The prospect of “redecorating,” or any other form of “home improvement,” generally gets me thinking, quickly, about a lengthy research trip abroad. Yet I can, and recently did, spend several pleasant hours contemplating ceramics, furniture, and — would you believe it? — wallpaper. But not at Home Depot, I quickly add; rather, in a book — “Pugin: A Gothic Passion,” published in 1994 by Yale University Press in association with London’s Victoria and Albert Museum.
As I suggested at the top, however, Pugin’s genius was not limited to architecture and other grand schemes of design. He also worked magic on a much smaller scale: custom-designed wallpaper; magnificent pieces of furniture (dining-room cabinets, armoires, tables, desks and tables); beautifully intricate ceramic tiles, plates, and dinner and tea services — all of them a delight to the eyes.

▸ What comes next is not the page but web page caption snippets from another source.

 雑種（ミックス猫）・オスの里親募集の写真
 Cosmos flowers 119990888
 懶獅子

Born on March 1, 1812, Pugin was received into the Catholic Church in 1835, and his passion for the Gothic (by which he meant, not hair-raising horror novels but the civilization of the Middle Ages and its distinctive aesthetic) was obviously enmeshed with his religious convictions. For the Gothic, as Pugin understood it, communicated even more than that sense of transcendence that is palpable in a great medieval cathedral like Chartres. The Gothic bespoke a sensibility about this world, the human place in it, and the moral life appropriate to men and women made in the image and likeness of God. Buildings tell us something about the people who live, work and worship in them, Pugin, believed: they tell us what those people think of themselves, their destiny and their responsibilities.

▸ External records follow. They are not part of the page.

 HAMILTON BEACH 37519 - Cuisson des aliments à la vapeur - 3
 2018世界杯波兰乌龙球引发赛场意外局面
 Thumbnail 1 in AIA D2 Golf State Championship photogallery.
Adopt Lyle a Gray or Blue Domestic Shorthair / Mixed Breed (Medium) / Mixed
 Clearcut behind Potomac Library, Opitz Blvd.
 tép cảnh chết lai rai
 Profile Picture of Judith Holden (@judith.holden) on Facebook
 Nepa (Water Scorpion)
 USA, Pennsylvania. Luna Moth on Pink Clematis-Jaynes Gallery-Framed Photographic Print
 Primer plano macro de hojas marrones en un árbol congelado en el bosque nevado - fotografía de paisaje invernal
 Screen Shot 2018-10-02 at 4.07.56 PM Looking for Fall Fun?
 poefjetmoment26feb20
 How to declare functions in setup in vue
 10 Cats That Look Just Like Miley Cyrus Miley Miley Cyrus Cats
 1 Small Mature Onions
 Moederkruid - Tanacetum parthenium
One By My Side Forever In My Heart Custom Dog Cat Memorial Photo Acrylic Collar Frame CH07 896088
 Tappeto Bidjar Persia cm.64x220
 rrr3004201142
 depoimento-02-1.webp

Thus in an 1836 polemic, Pugin, arguing on behalf of the Gothic Revival to which he and Sir Charles Barry gave noblest expression in the Palace of Westminster, contrasted a medieval monastery with a 19th-century poorhouse. The monastery, Pugin noted, was a place where the monks grew their own food, made their own clothes, shared what they grew and made with others, and offered the poor a decent place to be buried. Compare this, Pugin wrote, to “a panopticon workhouse where the poor were beaten, half-starved, and sent off after death for dissection. Each structure was the built expression of a particular view of humanity: Christianity versus Utilitarianism.”
Considering which, we may well hope that the Department of Health and Human Services never gets into the architecture business.
Pugin’s magnificent ecclesiastical architecture and church decoration, like the extraordinary interiors he designed for the Palace of Westminster, were, to adapt Blessed John Paul II, material exercises in philosophical anthropology — expressions of an idea of the human person. Pugin’s churches were built for people whose baptism had given them a unique dignity: through the eternal priesthood of Christ, exercised through the ordained ministry of the Church, the baptized were empowered to offer true worship to the Father. The same was true of the Houses of Parliament. They were designed by Barry and Pugin to reflect the dignity of self-governance among free citizens, whose participation in public affairs was another expression of their innate human dignity.
Churches that look like Pizza Huts are expressions of a dumbed-down theology and (if you’ll pardon the word twice in one column) anthropology. On Pugin’s bicentenary, the Church might well reflect on how it can do better than that.